Here is the main loop of the attack given in the following pseudo-code:

  1. 1.

    guess first 8 lanes (512 bits) of the state \(A^{\leftarrow }\), the other bits are fixed according to the structure of the message given above.

  2. 2.

    run 4-round modified Keccak-\(f\)[1600] on the state \(A^{\leftarrow }\).

  3. 3.

    for \(n:=0\) to \(n<64\) do

    1. (a)

      \(candidate:={\mathbf {true}}\);

    2. (b)

      for all 9 sets of coordinates \((x,y,z)\) being on the list created in precomputation do

      • if (\(p^n_{(x,y,z)}=0\)) and (\(A_{(x,y,z)} \ne A^{\leftarrow }_{(x,y,z+n)}\)) then \(candidate:={\mathbf {false}}\);

      • if (\(p^n_{(x,y,z)}=1\)) and (\(A_{(x,y,z)} = A^{\leftarrow }_{(x,y,z+n)}\)) then \(candidate:={\mathbf {false}}\);

    3. (c)

      if (\(\mathrm{candidate}={\mathbf {true}}\)) then rotate back the guessed state by \(n\) bits and run 4-round Keccak-512 on it to check whether the state is the preimage of a given hash.

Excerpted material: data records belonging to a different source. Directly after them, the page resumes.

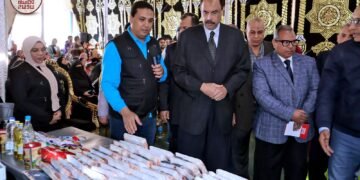 محافظ سوهاج يشهد توزيع أجهزة عرائس وعدد من المساعدات للفئات الأولى بالرعاية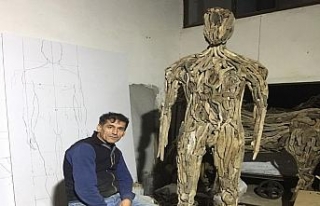 Doğada görevini tamamlayan ağaçlarla sanat yapıyor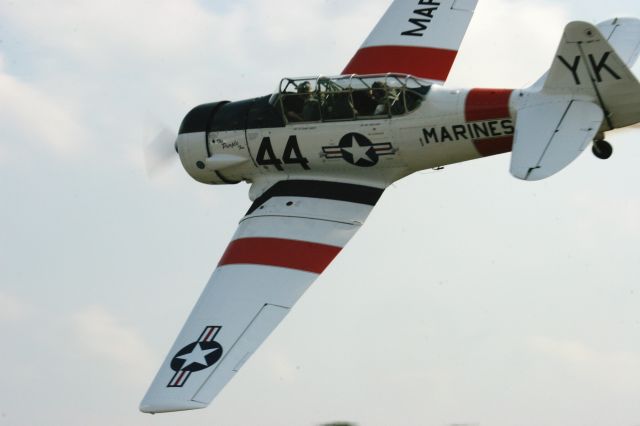 North American T-6 Texan — - T-6 Texan at Warbirds North Trgo, WI USA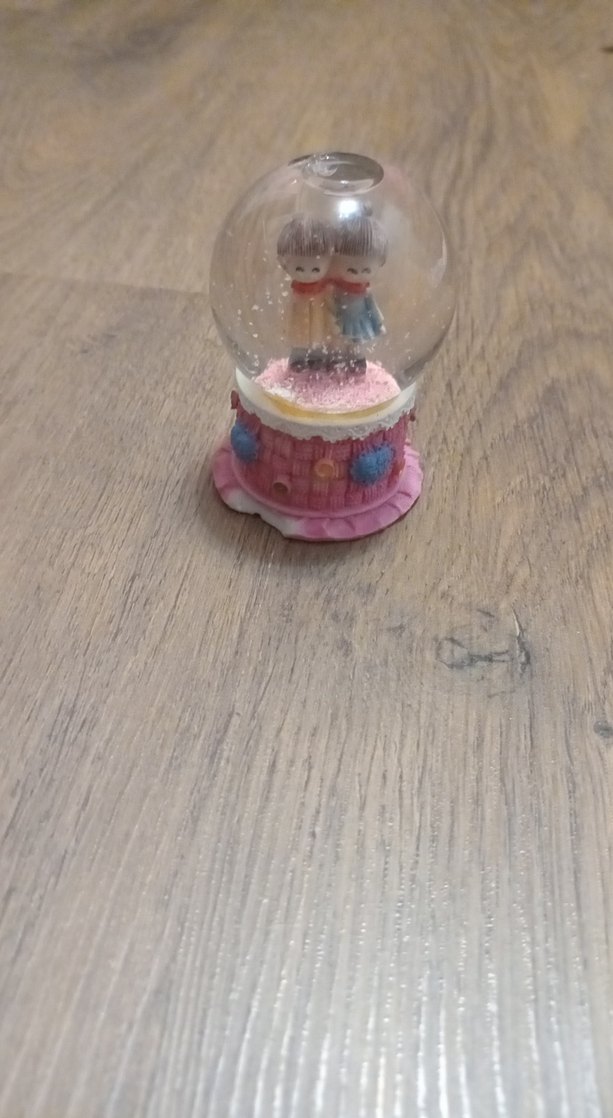 Pembe Pastel Figürlü Kar Küresi - Görsel 2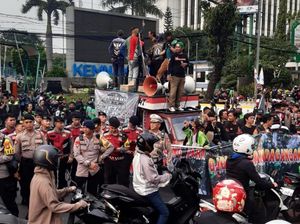 Ada Demo, Masyarakat Diminta Hindari Jalan Gatsu Depan Kantor Kemnaker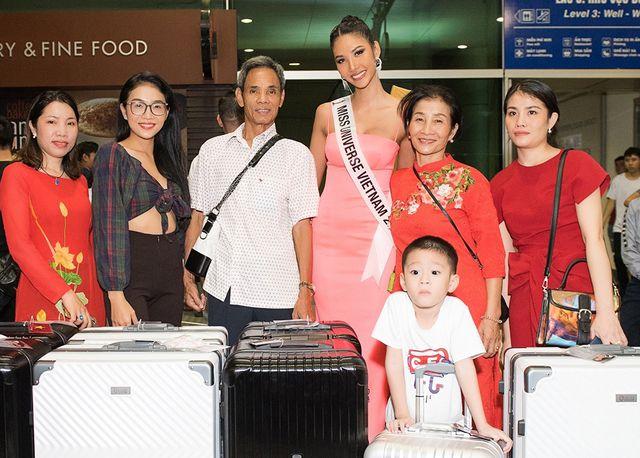 Bản tin Hoa hậu Hoàn vũ 26/11: Hoàng Thùy bị phạt 2000 USD trước giờ bay sang Mỹ thi đấu-2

The main loop of the 4-round preimage attack on Keccak-512 is very similar to the 3-round variant, they differ only in a few places. In Step 2 of the pseudo-code instead of running a normal, full 4-round Keccak-\(f\)[1600], we run the modified version without \(\iota \) (in all 4 rounds) up to \(\chi \) in the 4th round. Finally, there will two times more false positive candidates as there are only 9 triples \((x,y,z)\) for which \(p^n_{(x,y,z)}=0\) or \(p^n_{(x,y,z)}=1\). The complexity of the attack stays the same as in the 3-round attack. That is \(2^{256}\) (checking special messages) + \(2^{506}\) (main loop) + \(2^{503}\) (checking false positive candidates), which is amounts roughly to \(2^{506}\) evaluations of the 4-round Keccak-512.

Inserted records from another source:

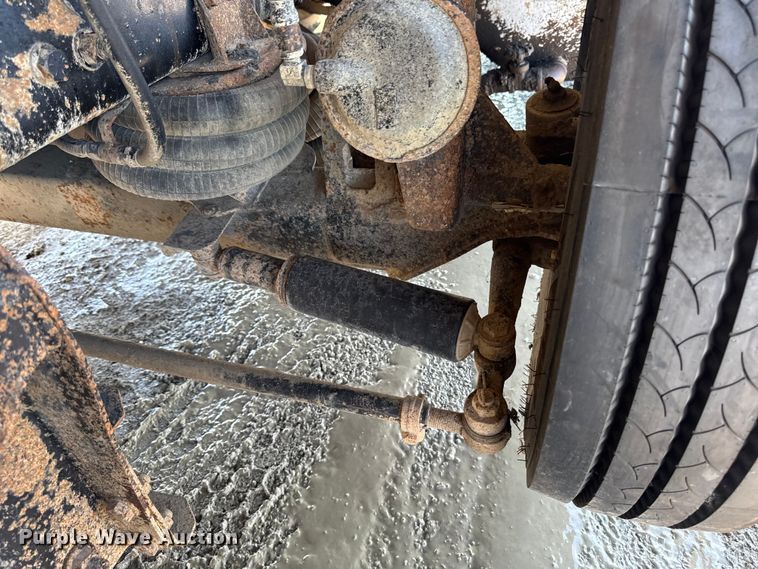 image for item EA1892 2007 Sterling L9500 dump truck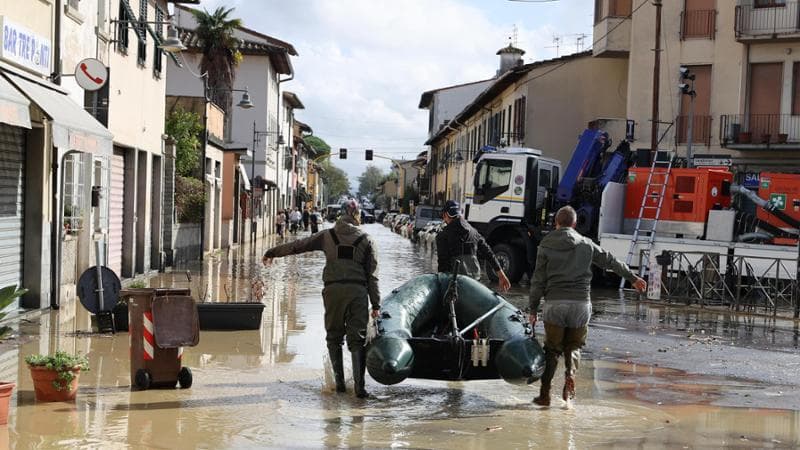 Un'immagine della recente alluvione a Campi Bisenzio
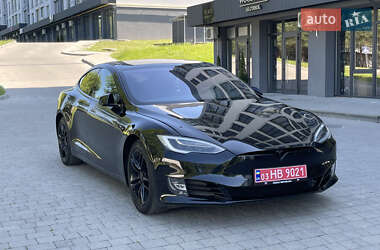 Лифтбек Tesla Model S 2019 в 
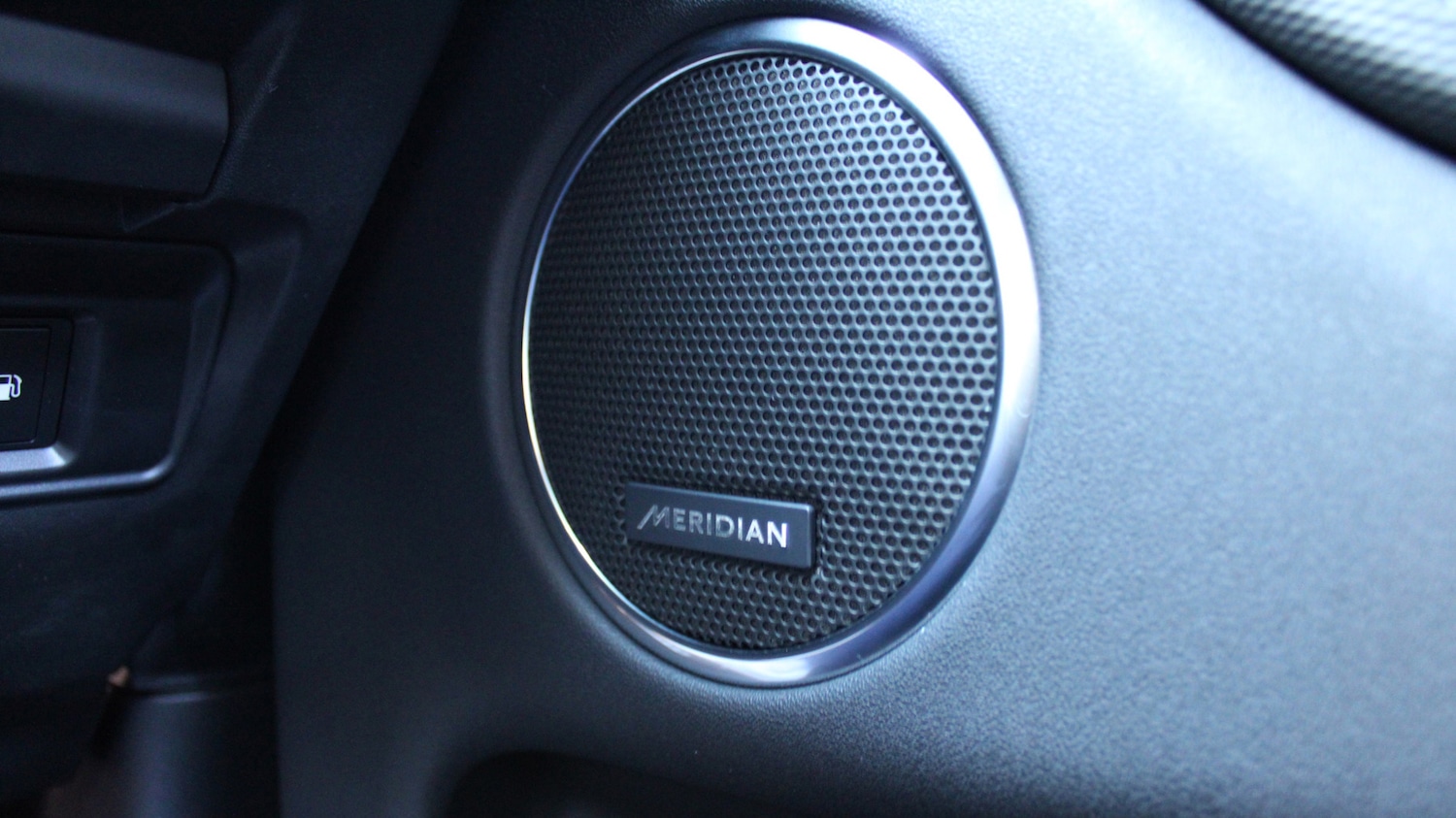 Used Land Rover Discovery Sport 2025 for sale - 76372392: Photo 25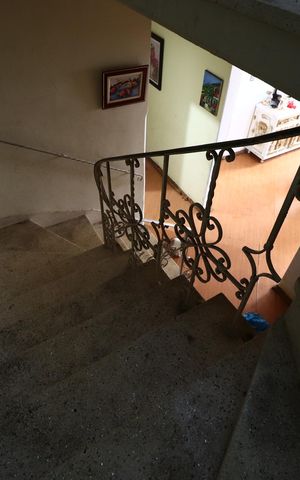 Casa à venda com 300m², 5 quartos e 5 vagasEscada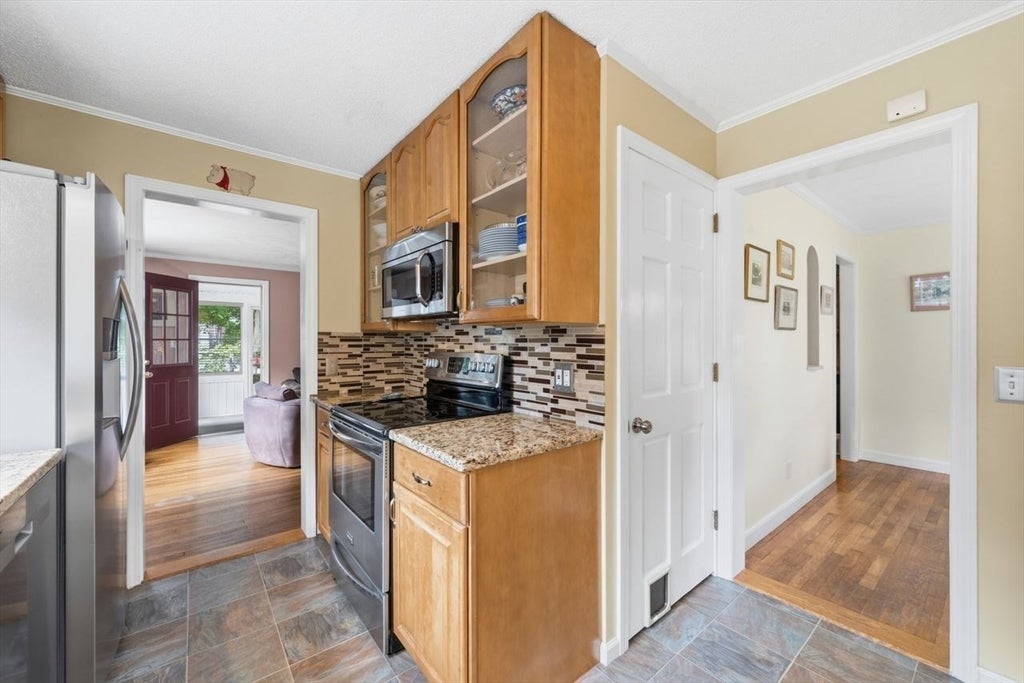 34 Harwich Road, West Springfield, MA, 34 Harwich Road, West Springfield, MA Photo #12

For Keccak-512, the preimage attack is better than the exhaustive search by a factor of \(2^6\). The same gain can be achieved in the attack on Keccak-384. Our preimage attack works also on Keccak-256 and Keccak-224 but the gain is slightly smaller for these variants. The reason is that there are more false positive candidates to check. It is because an attacker knows fewer bits of a hash (a hash is shorter in these variants) and hence there are fewer triples \((x,y,z)\) (fewer than in Keccak-512 and Keccak-384) for which \(p^n_{(x,y,z)}=0\) or \(p^n_{(x,y,z)}=1\). Consequently, the complexities of the preimage attacks on Keccak-224 and Keccak-256 are \(2^{221}\) and \(2^{252}\), respectively.

Please also note that if we try to attack Keccak variant with higher bitrate \(r\) (e.g. a variant with \(r=600\), \(c=1000\), and a hash length equals 512), the claimed security for this variant is \(2^{c/2}=2^{500}\). In such a case our attack would not be actually an attack as its complexity is higher than the claimed security provided by designers.

We could not extend the attack to 5 or more rounds because in the 5th round all \(p^n_{(x,y,z)}=0.5\), while for the attack we need some \(p^n_{(x,y,z)}=0\) or \(p^n_{(x,y,z)}=1\).

5 Conclusion

In this paper we have presented the rotational distinguisher for Keccak-\(f\)[1600] permutation — the main building block of the Keccak hash function. The distinguisher has been enhanced with the correlation analysis, allowing us to reach 5 rounds with the complexity of \(2^{12}\). We have implemented and verified the distinguisher and experimental results have been consistent with the theoretical model. A family of 4-round distinguishers helps us to mount the 4-round preimage attack on Keccak-512 variant with the complexity of \(2^{506}\). All the presented attacks are valid for all the Keccak variants submitted as SHA-3 candidates. As future work, it would be interesting to investigate whether the differential rebound attack could improve the rotational distinguishers. These two types of analysis (rebound and rotational) were combined in the attacks on Skein hash function [13].